Women in the Defence Forces are defying stereotypes

UN Women, in partnership with the Ministry of Defence of Georgia, has been actively working on gender mainstreaming in the ministry for more than a decade. This was the very purpose of the publication “Women in Service to Georgia”, prepared by UN Women in cooperation with the Ministry of Defence. The brochure showcases the profiles of 13 women in active duty, featuring their stories of courage, bravery, struggle and dedication. These examples clearly demonstrate the significant contributions of women in the advancement of the Georgian Defence Forces. Among them are Private Ana Lekveishvili, a machine gunner, and Sergeant Ekaterine Marikashvili, a senior deminer.

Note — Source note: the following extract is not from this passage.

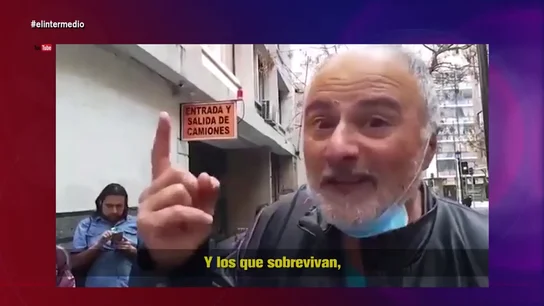 La surrealista crítica de un negacionista del COVID: "Los que sobrevivamos tendremos un chip con el que nos podrán desconectar" La surrealista crítica de un negacionista del COVID: "Los que sobrevivamos tendremos un chip con el que nos podrán desconectar"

Ana Lekveishvili, Private, Machine gunner. Photo: Ministry of Defence of Georgia
Ana Lekveishvili, Private, Machine gunner. Photo: Ministry of Defence of Georgia

“Yes, women are strong enough to serve in the army” – Ana Lekveishvili, Private, Machine gunner

After graduating from Akaki Tsereteli State University’s Faculty of AgroFood Technology and Expertise in Kutaisi, Ana Lekveishvili then successfully completed the professional programmes required to work in this field. But in 2021, she decided to change her career path and joined the Georgian Defence Forces.

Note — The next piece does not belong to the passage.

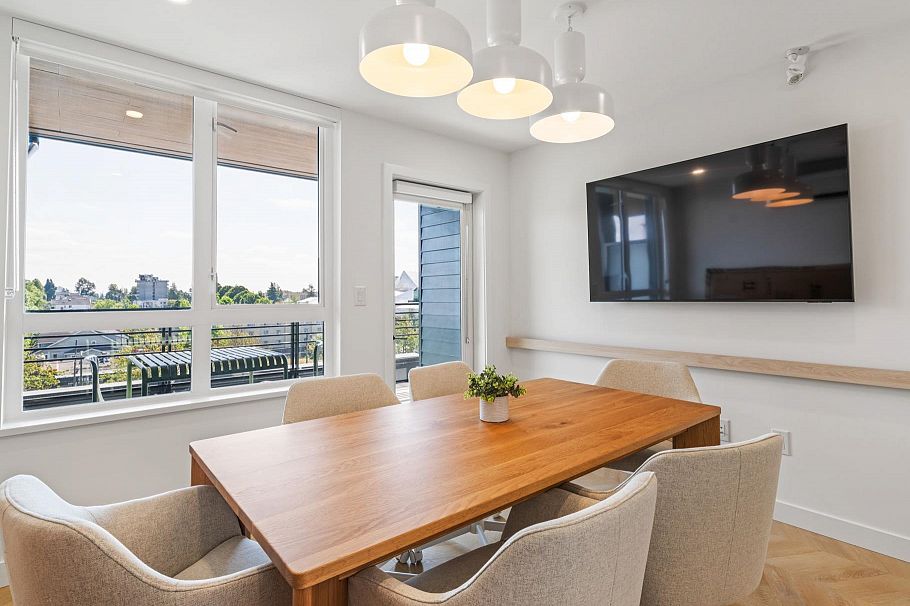 603 2450 Garden Drive Vancouver, BC - 25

At first glance, though, Ana’s decision actually came as no surprise. Growing up in a military family, she developed a love and respect for the army from early childhood. “In truth, I always dreamed of this career,” Ana explains. “At one point, I finally decided to go for it—to test myself in a completely different field and prove that, yes, women are strong enough to serve in the army.” Although her parents were already quite familiar with military life, Ana’s decision was still difficult for them to accept.

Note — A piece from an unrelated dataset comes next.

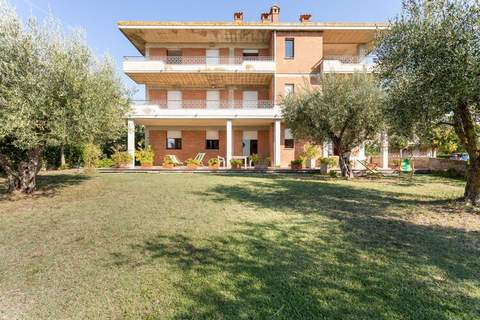 Casa Tommaso - trilo 2 P - 6 pax - Ferienunterkunft in Tuoro sul Trasimeno (6 Personen)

“They did not want their little girl in the army,” she says. “Here and there, I would hear the opinion that a woman’s place is not in the military, but today everything is different. My family is very proud of me and gives me tremendous encouragement to keep going and to advance in my career.”

Today, 24-year-old Ana is working in the position of the 1st fire count number of the 152mm “Msta-B” of the 51st Artillery Battalion of the 5th Artillery Brigade. Her job is to work with the artillery system and participate in both theoretical and practical training exercises. Ana does a difficult job but proves to herself every day that she is more capable than she thinks.

“Serving my country, Georgia, is a great honour for me,” she says. “I will definitely become an officer and will continue my career advancement in this capacity.”

Ekaterine Marikashvili, Sergeant, Senior deminer. Photo: Ministry of Defence of Georgia
Ekaterine Marikashvili, Sergeant, Senior deminer. Photo: Ministry of Defence of Georgia

“Bravery and endurance shouldn’t be attributed to gender” - Ekaterine Marikashvili, Sergeant, Senior deminer

Ekaterine Marikashvili, 48, serves as a Senior Deminer of the 3rd Light Platoon of the Explosive Ordnance Disposal (EOD) Company of the Eastern Command Military-Engineering Battalion. Sergeant Marikashvili’s career choice was dictated by the situation in Georgia in the 1990s, the war in Abkhazia and the severe civil strife. “It was then that I first developed a strong wish to contribute to the well-being of my homeland,” she recalls.

Ekaterine’s job is to inspect demined areas and monitor quality. She has to constantly come into contact with hazardous munitions, which is one of the most difficult operations. “I decided to serve in the Explosive Ordnance Disposal Company to be able to do combat missions for my homeland even during peacetime,” says Sergeant Marikashvili, who is particularly proud of her choice.

Ekaterine’s profession has always been highly respected and positively received by the public, although she has often heard gender stereotypes within the military: “There is less trust in women around the world today, which results in fewer opportunities for their career advancement. But this is undoubtedly a mistake, as bravery and endurance shouldn’t be attributed to gender.” And truly, her everyday devoted work serves as the best confirmation of her words.

The publication “Women in Service to Georgia” was prepared within the framework of the UN Women project “Accelerating Implementation of the Women, Peace and Security Agenda in Georgia”, generously funded by the Conflict, Stability and Security Fund of the UK Government and the UK Ministry of Defence.